Who’s your favorite superhero?


A:

It’s easy for me to say Superman, but that wouldn’t be right. Do I have a favorite superhero? … Einstein, does he count?


Q:

What’s your biggest pet peeve?


A:

People who are too inflexible to enjoy originality.


Q:

What do you wish more people from the lower 48 states knew about Alaska?


A:

That Alaska is by far the greatest state in the United States.


Q:

Air conditioning: yea or nay?


A:

It depends on the climate. For sure here [in Arizona]. In Alaska I don’t have air conditioning, and I went for seven years without turning air conditioning on in my car.

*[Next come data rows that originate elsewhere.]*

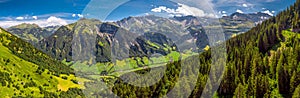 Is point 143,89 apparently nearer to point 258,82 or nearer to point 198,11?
point 258,82

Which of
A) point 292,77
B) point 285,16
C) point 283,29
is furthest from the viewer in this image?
point 285,16

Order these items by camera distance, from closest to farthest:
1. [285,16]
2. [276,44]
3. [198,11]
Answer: [198,11]
[276,44]
[285,16]

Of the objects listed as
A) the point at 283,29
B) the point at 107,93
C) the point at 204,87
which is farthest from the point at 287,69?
the point at 283,29

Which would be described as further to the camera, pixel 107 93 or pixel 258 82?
pixel 107 93

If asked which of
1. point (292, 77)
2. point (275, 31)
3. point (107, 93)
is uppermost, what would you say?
point (275, 31)

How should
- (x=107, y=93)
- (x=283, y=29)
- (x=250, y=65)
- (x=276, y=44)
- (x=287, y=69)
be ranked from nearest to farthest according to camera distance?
(x=287, y=69) < (x=250, y=65) < (x=107, y=93) < (x=276, y=44) < (x=283, y=29)

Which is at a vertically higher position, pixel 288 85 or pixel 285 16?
pixel 285 16

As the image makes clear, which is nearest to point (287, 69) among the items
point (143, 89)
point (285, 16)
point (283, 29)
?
point (143, 89)

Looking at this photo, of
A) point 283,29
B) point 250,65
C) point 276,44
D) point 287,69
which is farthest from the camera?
point 283,29

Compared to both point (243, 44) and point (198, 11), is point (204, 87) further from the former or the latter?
point (243, 44) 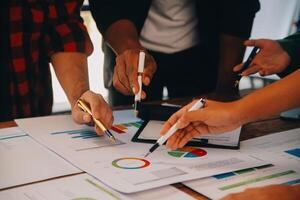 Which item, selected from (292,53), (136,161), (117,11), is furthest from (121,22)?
(136,161)

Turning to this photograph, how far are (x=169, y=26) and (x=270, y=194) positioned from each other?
0.84 metres

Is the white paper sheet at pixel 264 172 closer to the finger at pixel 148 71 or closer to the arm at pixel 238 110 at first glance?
the arm at pixel 238 110

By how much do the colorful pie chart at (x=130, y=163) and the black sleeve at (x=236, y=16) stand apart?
0.76 metres

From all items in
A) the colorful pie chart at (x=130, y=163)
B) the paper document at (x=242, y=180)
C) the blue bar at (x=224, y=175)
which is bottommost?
the paper document at (x=242, y=180)

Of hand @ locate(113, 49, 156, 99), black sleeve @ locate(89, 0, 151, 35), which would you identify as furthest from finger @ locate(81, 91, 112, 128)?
black sleeve @ locate(89, 0, 151, 35)

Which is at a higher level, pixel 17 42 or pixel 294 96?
pixel 17 42

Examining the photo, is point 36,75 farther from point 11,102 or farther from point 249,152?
point 249,152

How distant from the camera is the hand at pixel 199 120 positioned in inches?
30.4

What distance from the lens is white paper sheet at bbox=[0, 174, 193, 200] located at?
61 centimetres

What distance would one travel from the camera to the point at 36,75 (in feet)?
3.66

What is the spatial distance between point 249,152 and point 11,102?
63cm

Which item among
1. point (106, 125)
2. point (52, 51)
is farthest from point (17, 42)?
point (106, 125)

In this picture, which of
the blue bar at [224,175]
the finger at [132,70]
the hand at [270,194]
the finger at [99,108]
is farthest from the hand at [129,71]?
the hand at [270,194]

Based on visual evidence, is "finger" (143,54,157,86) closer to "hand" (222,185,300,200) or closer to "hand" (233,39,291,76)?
"hand" (233,39,291,76) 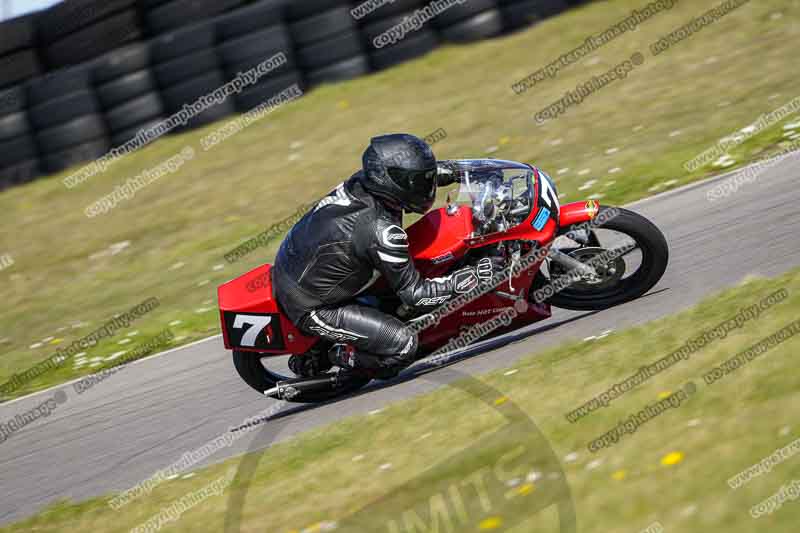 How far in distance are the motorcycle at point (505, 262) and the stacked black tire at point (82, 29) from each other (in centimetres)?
916

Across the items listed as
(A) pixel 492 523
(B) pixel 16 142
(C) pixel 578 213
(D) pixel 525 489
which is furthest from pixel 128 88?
(A) pixel 492 523

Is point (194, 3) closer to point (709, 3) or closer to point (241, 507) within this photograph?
point (709, 3)

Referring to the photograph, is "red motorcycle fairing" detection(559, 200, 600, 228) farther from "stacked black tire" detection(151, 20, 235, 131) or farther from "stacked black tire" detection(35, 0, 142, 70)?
"stacked black tire" detection(35, 0, 142, 70)

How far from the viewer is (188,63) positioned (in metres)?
13.7

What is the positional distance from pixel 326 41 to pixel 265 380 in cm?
807

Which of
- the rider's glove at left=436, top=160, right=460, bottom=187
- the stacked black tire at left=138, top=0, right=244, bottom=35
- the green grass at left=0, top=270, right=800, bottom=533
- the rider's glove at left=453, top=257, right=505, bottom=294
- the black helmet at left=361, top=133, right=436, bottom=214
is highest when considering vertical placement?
the stacked black tire at left=138, top=0, right=244, bottom=35

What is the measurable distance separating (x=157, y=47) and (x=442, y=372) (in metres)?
9.00

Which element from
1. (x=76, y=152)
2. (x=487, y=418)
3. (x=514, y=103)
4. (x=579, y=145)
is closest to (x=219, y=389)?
(x=487, y=418)

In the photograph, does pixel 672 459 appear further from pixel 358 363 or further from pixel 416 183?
pixel 358 363

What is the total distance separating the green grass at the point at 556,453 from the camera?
4051 mm

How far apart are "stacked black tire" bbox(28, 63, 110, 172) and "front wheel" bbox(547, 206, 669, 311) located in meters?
9.43

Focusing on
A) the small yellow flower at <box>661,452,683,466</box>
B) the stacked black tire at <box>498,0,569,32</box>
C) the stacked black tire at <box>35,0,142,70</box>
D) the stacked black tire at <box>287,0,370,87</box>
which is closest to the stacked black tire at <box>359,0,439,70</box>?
the stacked black tire at <box>287,0,370,87</box>

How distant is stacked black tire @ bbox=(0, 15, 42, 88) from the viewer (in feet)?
47.5

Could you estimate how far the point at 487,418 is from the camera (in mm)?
5562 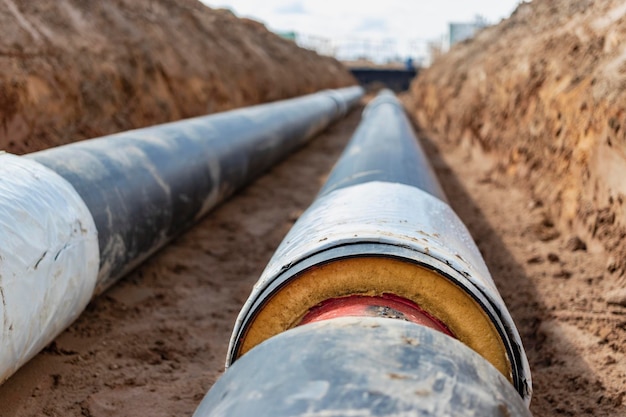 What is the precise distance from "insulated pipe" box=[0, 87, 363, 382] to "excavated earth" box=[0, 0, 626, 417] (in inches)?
9.5

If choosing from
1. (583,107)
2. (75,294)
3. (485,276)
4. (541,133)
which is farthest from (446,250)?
(541,133)

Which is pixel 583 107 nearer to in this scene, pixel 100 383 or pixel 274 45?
pixel 100 383

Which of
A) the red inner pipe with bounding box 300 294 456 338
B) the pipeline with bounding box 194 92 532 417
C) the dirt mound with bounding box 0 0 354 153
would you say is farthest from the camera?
the dirt mound with bounding box 0 0 354 153

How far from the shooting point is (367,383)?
100 centimetres

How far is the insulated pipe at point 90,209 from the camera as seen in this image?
1932 mm

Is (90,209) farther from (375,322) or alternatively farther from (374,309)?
(375,322)

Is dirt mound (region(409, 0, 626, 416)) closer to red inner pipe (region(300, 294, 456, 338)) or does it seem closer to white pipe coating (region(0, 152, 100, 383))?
red inner pipe (region(300, 294, 456, 338))

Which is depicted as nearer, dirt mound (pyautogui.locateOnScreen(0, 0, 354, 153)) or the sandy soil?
the sandy soil

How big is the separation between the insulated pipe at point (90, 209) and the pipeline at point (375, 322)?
34.6 inches

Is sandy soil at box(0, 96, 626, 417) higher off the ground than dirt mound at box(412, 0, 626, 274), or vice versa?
dirt mound at box(412, 0, 626, 274)

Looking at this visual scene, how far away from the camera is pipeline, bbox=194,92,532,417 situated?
100 centimetres

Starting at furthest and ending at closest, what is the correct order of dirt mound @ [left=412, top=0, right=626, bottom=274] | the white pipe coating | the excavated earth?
dirt mound @ [left=412, top=0, right=626, bottom=274] → the excavated earth → the white pipe coating

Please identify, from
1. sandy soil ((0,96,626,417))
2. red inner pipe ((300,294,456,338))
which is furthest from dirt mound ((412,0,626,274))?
red inner pipe ((300,294,456,338))

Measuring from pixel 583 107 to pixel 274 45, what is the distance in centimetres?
1306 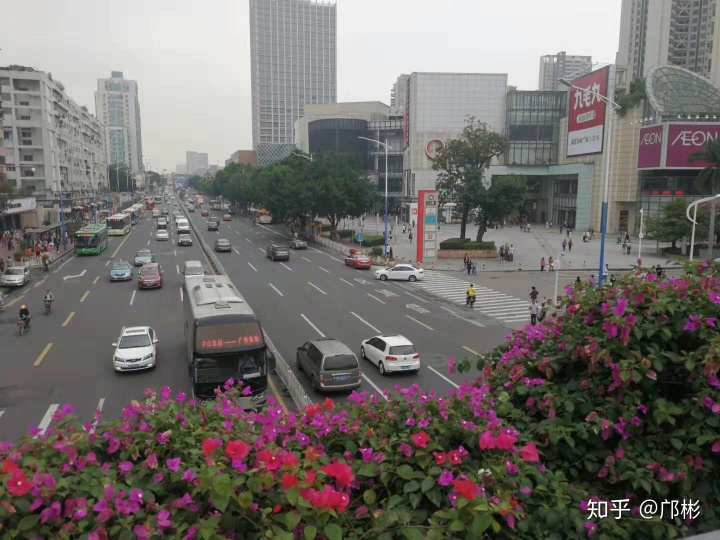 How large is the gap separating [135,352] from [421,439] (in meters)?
15.8

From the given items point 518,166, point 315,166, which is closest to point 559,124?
point 518,166

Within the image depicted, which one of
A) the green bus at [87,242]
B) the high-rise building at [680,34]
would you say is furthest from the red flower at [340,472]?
the high-rise building at [680,34]

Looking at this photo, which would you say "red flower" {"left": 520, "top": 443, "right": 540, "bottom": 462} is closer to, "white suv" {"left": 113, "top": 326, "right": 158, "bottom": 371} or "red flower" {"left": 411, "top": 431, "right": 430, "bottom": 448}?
"red flower" {"left": 411, "top": 431, "right": 430, "bottom": 448}

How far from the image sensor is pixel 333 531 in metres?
3.63

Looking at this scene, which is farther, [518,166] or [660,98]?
[518,166]

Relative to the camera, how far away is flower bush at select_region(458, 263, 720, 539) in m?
4.52

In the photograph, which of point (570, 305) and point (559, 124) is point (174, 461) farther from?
point (559, 124)

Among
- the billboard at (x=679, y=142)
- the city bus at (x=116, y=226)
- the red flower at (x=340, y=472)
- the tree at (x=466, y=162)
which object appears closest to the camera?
the red flower at (x=340, y=472)

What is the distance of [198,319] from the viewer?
589 inches

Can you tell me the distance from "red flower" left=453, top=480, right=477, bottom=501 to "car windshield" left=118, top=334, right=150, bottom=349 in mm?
16693

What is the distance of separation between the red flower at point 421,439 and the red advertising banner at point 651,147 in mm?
65701

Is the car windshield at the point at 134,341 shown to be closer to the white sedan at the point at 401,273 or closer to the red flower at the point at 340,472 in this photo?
the red flower at the point at 340,472

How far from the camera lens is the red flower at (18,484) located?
11.8 feet

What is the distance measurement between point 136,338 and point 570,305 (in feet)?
52.7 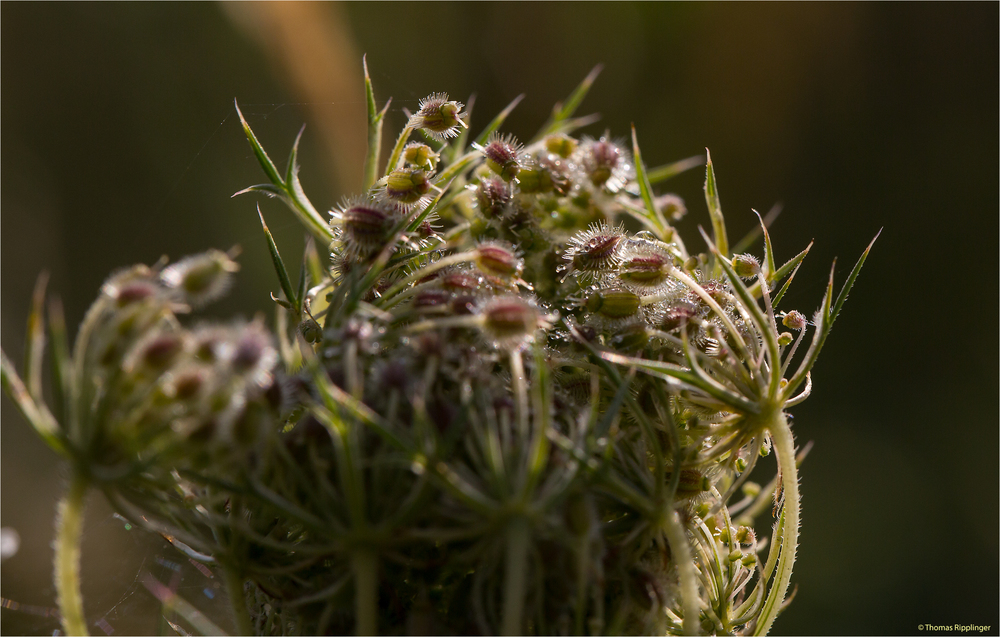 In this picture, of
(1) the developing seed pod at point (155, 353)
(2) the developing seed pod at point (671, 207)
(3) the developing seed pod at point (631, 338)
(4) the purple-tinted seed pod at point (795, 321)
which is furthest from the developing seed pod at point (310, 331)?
(4) the purple-tinted seed pod at point (795, 321)

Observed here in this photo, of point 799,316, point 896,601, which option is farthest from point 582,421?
point 896,601

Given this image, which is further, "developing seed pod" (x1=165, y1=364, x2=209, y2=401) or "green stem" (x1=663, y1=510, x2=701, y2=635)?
"green stem" (x1=663, y1=510, x2=701, y2=635)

One year we had an unusually hot day in the summer, and I turned it on, and much to my surprise it worked.


Q:

What’s the best gift you’ve ever given someone else?


A:

When I got married I gave my wife a custom-made metal grandfather clock made in California to commemorate the fact that after many months of long-distance dating, we were not only living in the same place but sharing the same clock and the same time zone.


Q:

What music have you listened to today?


A:

I’ve actually been sleeping all day because I have a cold of all things—to show up in Arizona with a cold! One song I love that a lot of people don’t know is “My Baby Loves a Bunch of Authors.”


Q:

Winter Olympics or Summer Olympics?


A:

Winter Olympics. To me it’s more exciting, more speed. High-speed skiing, bobsledding, that sort of thing.


Q:

What’s your favorite plant or flower?


A:

Probably the rafflesia—a very large tropical flower. It grows in Borneo.


Q:

What’s the last great book you read?


A:

I read so many great books … I’m reading a book right now called Canada. I don’t often read novels, but it’s a fantastic novel by Richard Ford. Another recent book I really enjoyed was Nothing to Envy, about North Korea. And the other was China Road, about an NPR correspondent who traveled by road thousands of miles across China. And another one—actually, this would be probably the best book I’ve read in a while—was called Dangerous Work. I reviewed it for The New York Times. It was written by Arthur Conan Doyle: his journals from his time in the Arctic, when he was 20 years old and served on a sailing vessel.


Q:

Where do you come up with your best ideas?


A:

Just in day-to-day life, talking to people, being outside, reading, listening to music. It’s not so much coming up with the best idea; it’s filtering them to come up with the idea that works best. For every idea that’s good, there’s 100 ideas that seem good but don’t last.